I think that GCC is pretty well documented so I'm not going to reveal my own ignorance by trying to answer the parts of your question about its options and their effects. I would, though, make the general statement that when numeric precision and performance are concerned, it pays big dividends to read the manual. The clever people who work on GCC put a lot of effort into their documentation, reading it is rewarding (OK, it can be a trifle dull, but heck, it's a compiler manual not a bodice-ripper).

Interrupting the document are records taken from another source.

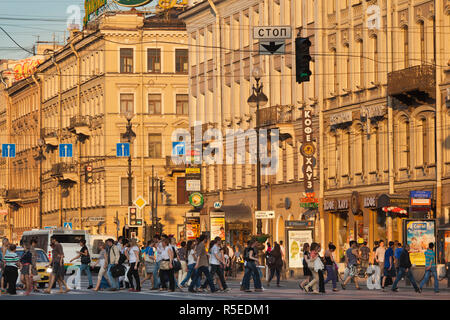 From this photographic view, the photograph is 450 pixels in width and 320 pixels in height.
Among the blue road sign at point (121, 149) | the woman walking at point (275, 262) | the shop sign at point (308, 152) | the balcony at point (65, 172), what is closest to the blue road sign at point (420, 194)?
the woman walking at point (275, 262)

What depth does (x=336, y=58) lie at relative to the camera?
5894 cm

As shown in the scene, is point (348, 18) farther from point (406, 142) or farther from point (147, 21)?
point (147, 21)

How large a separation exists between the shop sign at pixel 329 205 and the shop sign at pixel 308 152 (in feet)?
Result: 3.17

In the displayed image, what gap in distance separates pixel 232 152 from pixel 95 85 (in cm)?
2416

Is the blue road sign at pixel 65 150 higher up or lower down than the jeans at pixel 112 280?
higher up

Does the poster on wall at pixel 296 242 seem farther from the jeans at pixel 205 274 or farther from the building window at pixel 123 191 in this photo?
the building window at pixel 123 191

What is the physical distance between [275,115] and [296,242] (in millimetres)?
17702

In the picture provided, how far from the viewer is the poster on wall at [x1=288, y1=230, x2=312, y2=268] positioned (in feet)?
154

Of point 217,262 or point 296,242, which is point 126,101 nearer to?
point 296,242

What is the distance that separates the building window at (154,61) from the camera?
92.8 m

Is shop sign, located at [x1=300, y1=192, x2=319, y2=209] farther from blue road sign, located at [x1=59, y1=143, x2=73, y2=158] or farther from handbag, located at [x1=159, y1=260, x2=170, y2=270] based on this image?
blue road sign, located at [x1=59, y1=143, x2=73, y2=158]

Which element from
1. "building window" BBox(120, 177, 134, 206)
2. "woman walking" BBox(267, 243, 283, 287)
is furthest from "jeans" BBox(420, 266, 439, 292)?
"building window" BBox(120, 177, 134, 206)

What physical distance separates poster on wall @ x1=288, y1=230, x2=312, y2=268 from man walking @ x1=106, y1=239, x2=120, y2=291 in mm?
10651

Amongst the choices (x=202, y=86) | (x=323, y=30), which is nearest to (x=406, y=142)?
(x=323, y=30)
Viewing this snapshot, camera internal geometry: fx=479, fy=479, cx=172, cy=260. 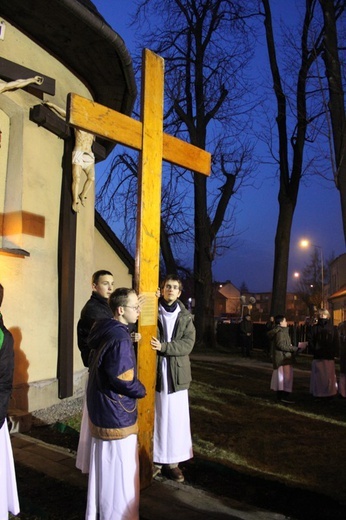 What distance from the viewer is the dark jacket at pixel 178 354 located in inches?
172

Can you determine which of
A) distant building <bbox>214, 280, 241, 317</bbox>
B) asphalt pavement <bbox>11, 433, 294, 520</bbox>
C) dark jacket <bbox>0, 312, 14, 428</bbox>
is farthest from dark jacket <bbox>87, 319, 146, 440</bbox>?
distant building <bbox>214, 280, 241, 317</bbox>

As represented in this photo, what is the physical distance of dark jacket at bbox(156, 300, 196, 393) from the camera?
4.38 m

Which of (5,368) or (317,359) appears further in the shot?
(317,359)

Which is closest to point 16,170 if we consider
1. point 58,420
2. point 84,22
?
point 84,22

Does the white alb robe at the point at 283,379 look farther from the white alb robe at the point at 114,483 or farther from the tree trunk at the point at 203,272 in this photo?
the tree trunk at the point at 203,272

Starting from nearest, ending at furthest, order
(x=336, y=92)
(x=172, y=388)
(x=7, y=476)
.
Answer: (x=7, y=476)
(x=172, y=388)
(x=336, y=92)

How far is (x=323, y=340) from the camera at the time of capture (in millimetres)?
9234

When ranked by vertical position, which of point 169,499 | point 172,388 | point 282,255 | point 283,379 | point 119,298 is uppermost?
point 282,255

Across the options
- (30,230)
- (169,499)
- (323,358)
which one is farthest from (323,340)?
(169,499)

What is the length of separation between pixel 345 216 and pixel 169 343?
7323 mm

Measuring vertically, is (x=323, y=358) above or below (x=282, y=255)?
below

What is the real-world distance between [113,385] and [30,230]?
13.6ft

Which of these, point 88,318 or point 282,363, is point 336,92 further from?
point 88,318

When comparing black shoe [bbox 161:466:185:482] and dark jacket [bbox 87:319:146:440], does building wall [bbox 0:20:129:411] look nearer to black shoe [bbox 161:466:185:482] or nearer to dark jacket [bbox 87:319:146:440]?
black shoe [bbox 161:466:185:482] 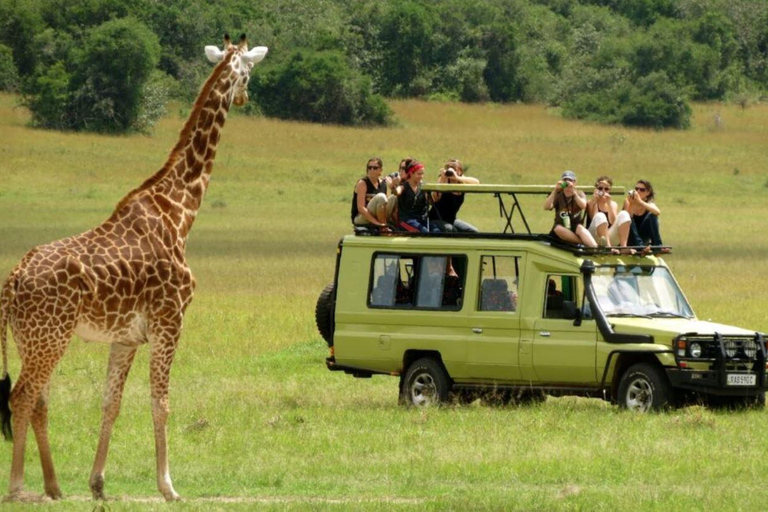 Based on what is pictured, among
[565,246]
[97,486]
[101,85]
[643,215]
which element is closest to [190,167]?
[97,486]

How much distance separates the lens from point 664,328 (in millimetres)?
15617

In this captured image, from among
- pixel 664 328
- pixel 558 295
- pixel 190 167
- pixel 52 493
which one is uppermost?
pixel 190 167

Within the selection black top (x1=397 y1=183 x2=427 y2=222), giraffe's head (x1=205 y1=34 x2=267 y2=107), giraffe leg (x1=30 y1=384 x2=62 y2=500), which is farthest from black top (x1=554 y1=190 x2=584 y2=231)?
giraffe leg (x1=30 y1=384 x2=62 y2=500)

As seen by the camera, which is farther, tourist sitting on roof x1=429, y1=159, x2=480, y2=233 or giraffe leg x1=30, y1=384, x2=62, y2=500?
tourist sitting on roof x1=429, y1=159, x2=480, y2=233

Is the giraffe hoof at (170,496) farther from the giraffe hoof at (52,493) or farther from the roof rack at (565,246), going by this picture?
the roof rack at (565,246)

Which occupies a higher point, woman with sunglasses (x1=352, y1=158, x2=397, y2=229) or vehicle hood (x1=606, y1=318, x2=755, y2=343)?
woman with sunglasses (x1=352, y1=158, x2=397, y2=229)

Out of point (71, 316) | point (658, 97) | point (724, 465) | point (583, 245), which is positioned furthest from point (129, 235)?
point (658, 97)

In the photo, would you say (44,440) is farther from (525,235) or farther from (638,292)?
(638,292)

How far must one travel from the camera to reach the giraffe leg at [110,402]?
11383mm

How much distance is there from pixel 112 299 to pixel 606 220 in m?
6.30

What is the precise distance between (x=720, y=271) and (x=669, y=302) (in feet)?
64.3

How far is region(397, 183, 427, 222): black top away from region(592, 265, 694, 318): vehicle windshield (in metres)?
2.06

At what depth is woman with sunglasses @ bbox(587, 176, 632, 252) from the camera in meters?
16.5

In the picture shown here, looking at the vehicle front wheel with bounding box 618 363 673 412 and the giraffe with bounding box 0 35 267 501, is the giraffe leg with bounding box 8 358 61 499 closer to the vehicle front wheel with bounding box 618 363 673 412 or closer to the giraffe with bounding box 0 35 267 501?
the giraffe with bounding box 0 35 267 501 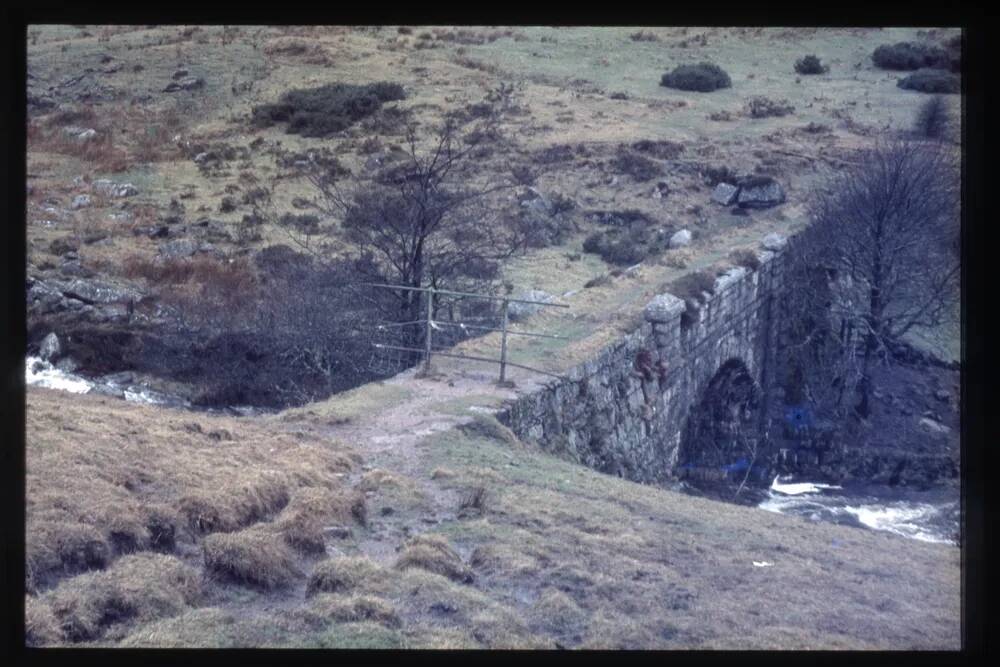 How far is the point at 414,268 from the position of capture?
14.1 meters

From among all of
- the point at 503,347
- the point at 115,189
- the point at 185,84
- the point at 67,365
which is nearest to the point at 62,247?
the point at 115,189

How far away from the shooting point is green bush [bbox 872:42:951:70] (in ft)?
72.7

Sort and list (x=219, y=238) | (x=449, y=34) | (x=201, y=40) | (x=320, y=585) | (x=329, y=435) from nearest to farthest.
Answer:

If it is important to you that you get identical-to-the-last-bit numeric results you'll have to concern yourself with more than just GCC and how you can control its behaviour. You'll need to lock down the libraries it calls, the hardware it runs on and probably a number of other factors I haven't thought of yet. In the worst (?) case you may even want to, and I've seen this done, write your own implementations of f-p maths to guarantee bit-identity across platforms. This is difficult, and therefore expensive, and leaves you possibly less certain of the correctness of your own code than of the code usd by GCC.
However, you write
I don't care that much about the precision for this particular code, so I can be fine with reduced precision if this brings reliability
which prompts the question to you -- why don't you simply use 5-decimal-digit precision as your standard of (reduced) precision ? It's what an awful lot of us in numerical computing do all the time; we ignore the finer aspects of numerical analysis since they are difficult, and costly in computation time, to circumvent. I'm thinking of things like interval arithmetic and high-precision maths. (OF course, if 5 is not right for you, choose another single-digit number.)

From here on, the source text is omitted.